345 N.E.2d 503, 37 Ill. App. 3d 286, 1976 Ill. App. LEXIS 2174
CourtAppellate Court of Illinois
DecidedApril 8, 1976
Docket13156
StatusPublished
Cited by17 cases

This text of 345 N.E.2d 503 (Bray v. Illinois National Bank) is published on Counsel Stack Legal Research, covering Appellate Court of Illinois primary law. Counsel Stack provides free access to over 12 million legal documents including statutes, case law, regulations, and constitutions.

Bluebook
Bray v. Illinois National Bank, 345 N.E.2d 503, 37 Ill. App. 3d 286, 1976 Ill. App. LEXIS 2174 (Ill. Ct. App. 1976).

Opinion

Mr. JUSTICE SIMKINS

delivered the opinion of the court:

Plaintiff, Kurtis B. Bray, filed suit in Sangamon County to recover funds from defendant Illinois National Bank (hereinafter the Bank) which were deposited by John B. Bray. Plaintiff alleged that the deposit of funds by John B. Bray in an account titled “Kurtis B. Bray by John B. Bray— Individual Account or Joint Account without Survivorship — Passbook Time Deposit Account” created a joint account, a completed gift or established an agency relationship such that the Bank could not lawfully pay the funds in the account to anyone other than Kurtis B. Bray.

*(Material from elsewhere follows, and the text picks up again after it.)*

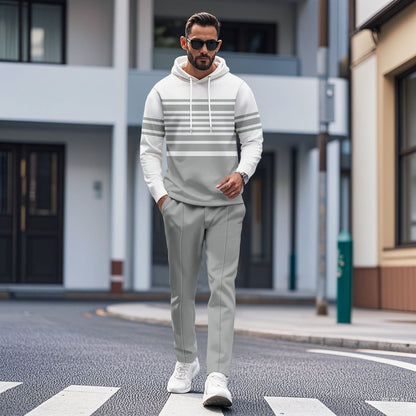 Herren Hoodie Sportlich Streifen Design Modern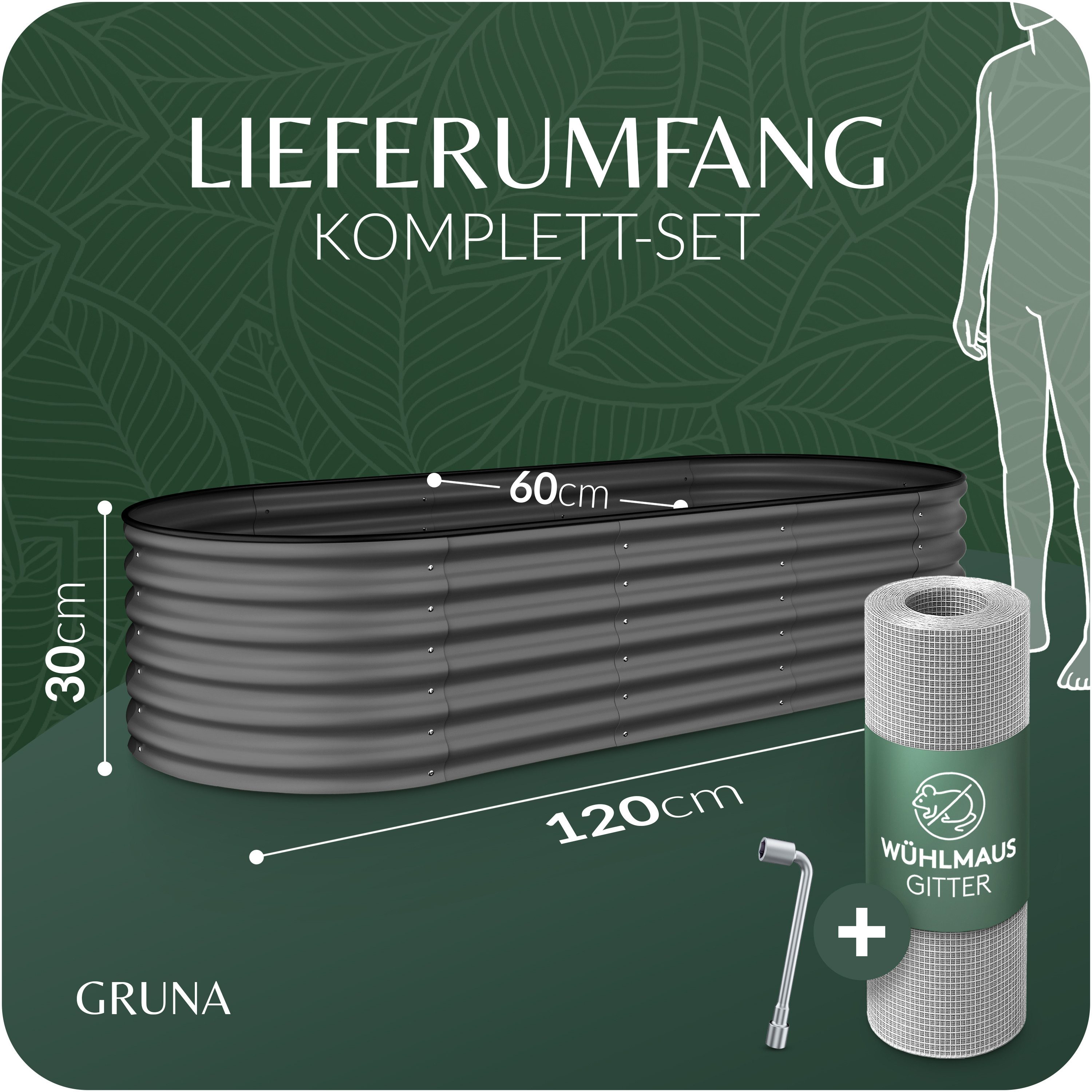 GRUNA Hochbeet GRUNA - Hochbeet Metall I 6 in 1 Modular Hochbeete-Kit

Upon the Bank’s motion the trial court dismissed the complaint and also denied plaintiff leave to file an amended complaint. Plaintiff appeals. We affirm the trial court.

On February 24, 1970, John Bray, grandfather of the plaintiff, opened the above described account with a deposit of $20,000. The signature card, which listed the persons who were authorized to withdraw funds listed only John B. Bray. A signature card, stating “Any one of the persons whose signatures appear on the lines below is authorized to withdraw any funds and transact any business in connection with this savings account,” was signed by only John Bray.

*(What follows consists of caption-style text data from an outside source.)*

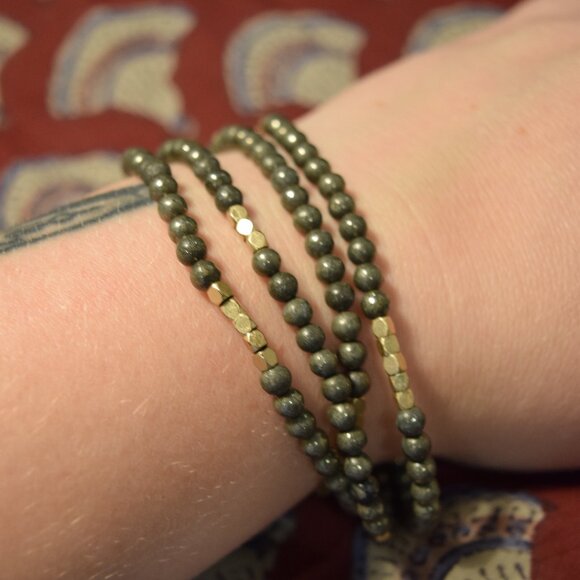 Gold & Metallic Beaded Wrap Bracelet – Layered Boho Jewelry - Picture 4 of 4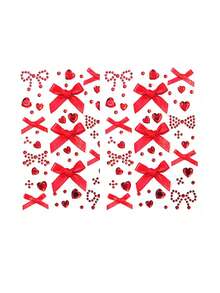 蝴蝶结形面部钻石贴，心形面部钻石贴，五色（粉、红、蓝、紫、白）蝴蝶结形面部装饰钻石贴，心形和圆形粘性面部贴片，面部贴纸，DIY面部贴纸 - 彩色 - 查看 17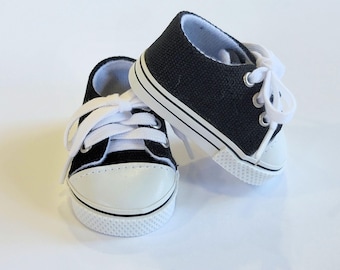 Tennis shoes, black, canvas, sneakers, fits 18" American Girl or similar size dolls.
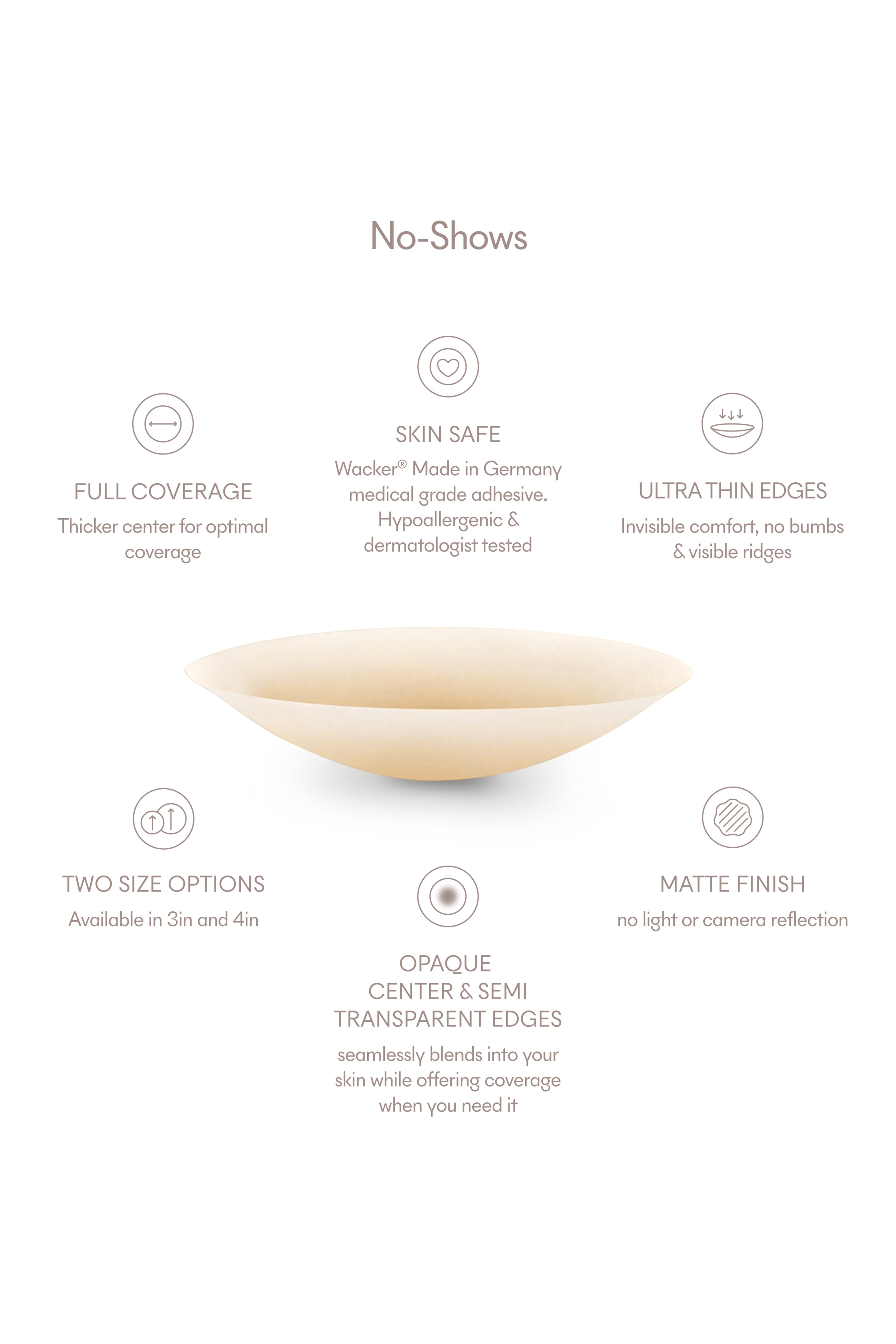 Invisible Adhesive Nipple Covers for Women - No Show Pasties for Strapless Dresses & Swimwear - Reusable & Waterproof Nipple Stickers for Everyday Comfort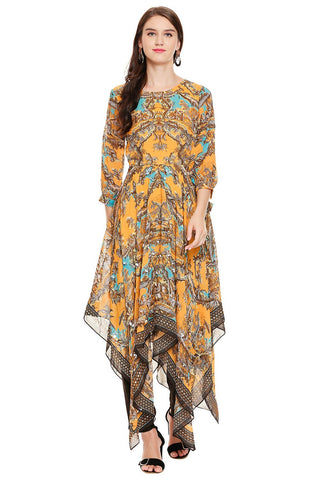 Mustard Yellow Printed Top With Pants - Kavvach 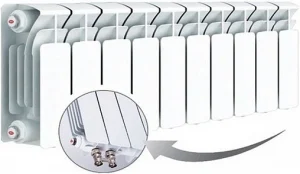 Радиатор биметаллический 10 секций нижнее правое подключение Rifar Base Ventil 200 RBVR20010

Subsequent to his remarriage, John Bray executed a change in the account to “John B. or Pat Anna Bray — Joint Account with Survivorship— Passbook Time Deposit Account.” The signature card authorized withdrawals by either John Bray or his wife, whether the other person be living or not. The account number remained the same. Mrs. Bray withdrew all funds upon John’s death. Plaintiff has stated at the hearing and in his brief that he had no knowledge of the first deposit, never had possession of the passbook and had no knowledge of the change in the account.

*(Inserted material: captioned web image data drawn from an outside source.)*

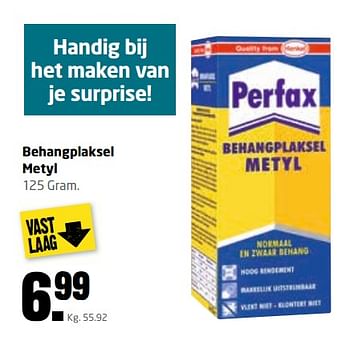 Aanbiedingen Behangplaksel metyl - Perfax - Geldig van 27/11/2017 tot 10/12/2017 bij Formido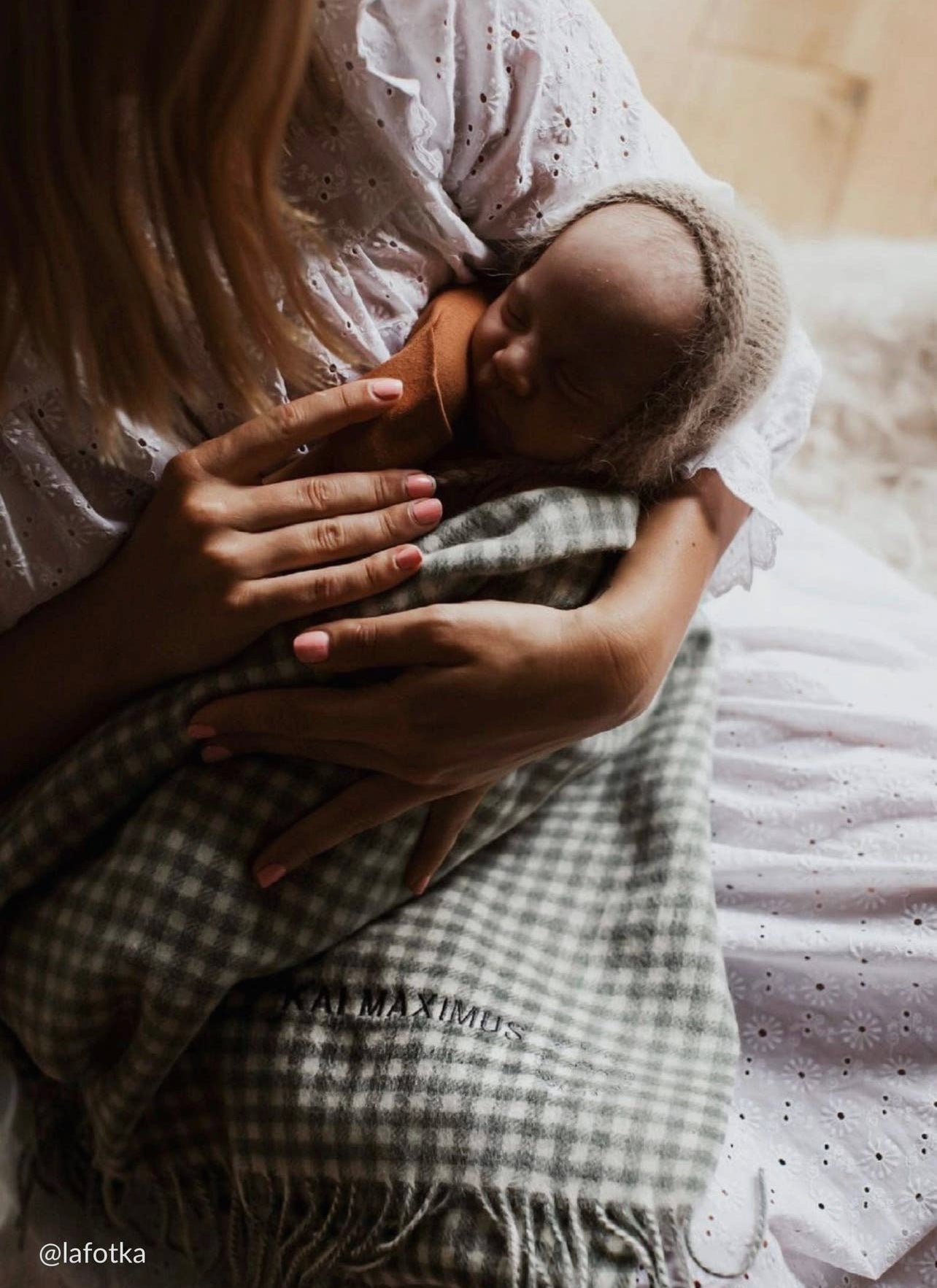 Baby Blanket: Sage Nursery Gingham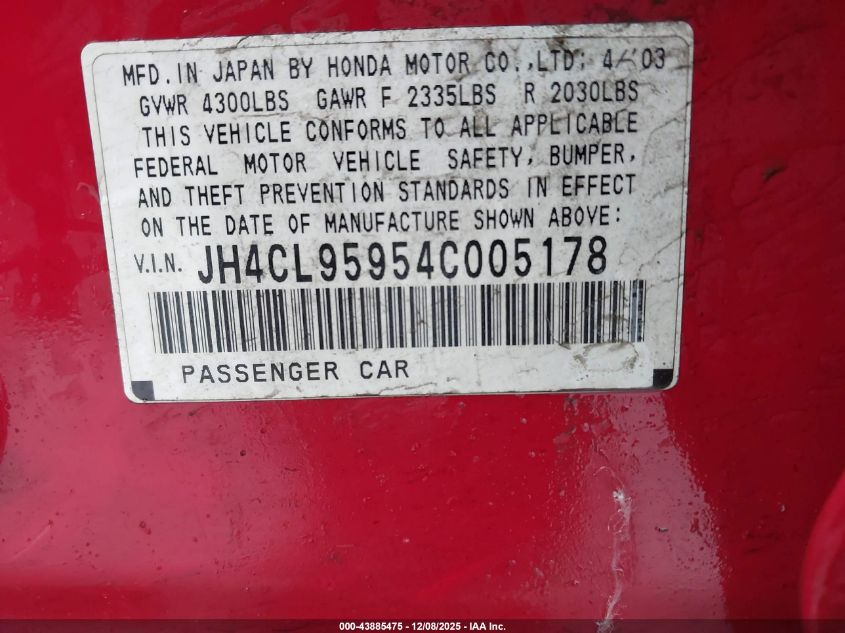 2004 Acura Tsx VIN: JH4CL95954C005178 Lot: 43885475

The first issue presented is whether any joint account with Kurtis was created. It is clear under the statute (Ill. Rev. Stat. 1973, ch. 76, par. 2) and the cases that no joint account was created. Section 2(a) of the joint rights and obligations statute states:

“(a) When a deposit in any bank or trust company transacting business in this State has been made or shall hereafter be made in the names of two or more persons payable to them when the account is opened or thereafter, such deposit or any part thereof or any interest or dividend thereon may be paid to any one of said persons whether the other or others be living or not, and when an agreement permitting such payment is signed by all said persons at the time the account is opened or thereafter the receipt or acquittance of the person so paid shall be valid and sufficient discharge from all parties to the bank for any payments so made.” Ill. Rev. Stat. 1973, ch. 76, par. 2(a).

This statute has consistently been interpreted to mean that a joint tenancy with the right of survivorship cannot be created in a deposit account except by parties signing an agreement such as the signature card provides. (Doubler v. Doubler, 412 Ill. 597, 107 N.E.2d 789; Frey v. Wubbena, 26 Ill. 2d 62,185 N.E.2d 850.) In Frey the court discussed the justification for requiring a signed agreement for joint bank accounts, while not requiring a signed writing to create survivorship rights in other kinds of obligations, such as corporate stock stating:

“Corporate stock is issued in fixed units of ownership (shares of stock) and remain fixed, whereas a bank account is fluctuating res, subject to daily change in amount by any of the joint owners. Joint tenancy in such an unstable atmosphere as a shifting bank account should be created by contract of the parties detailing their rights and duties under existing statutory authority.” 26 Ill. 2d 62, 69,185 N.E.2d 850, 855. See also In re Estate of Baxter, 56 Ill. 2d 223, 306 N.E.2d 304.

When an account is opened, a contract is made as to how and by whom the money may be drawn out, and when payment is made according to that agreement, the bank is discharged from further liability. (Miller v. First Granite City National Bank, 349 Ill. App. 347,110 N.E.2d 651.) At no time was plaintiff authorized to withdraw funds. Only John Bray was authorized to withdraw funds from the first account and he and his wife from the second. The bank could not be liable for acting upon the contract as it was made.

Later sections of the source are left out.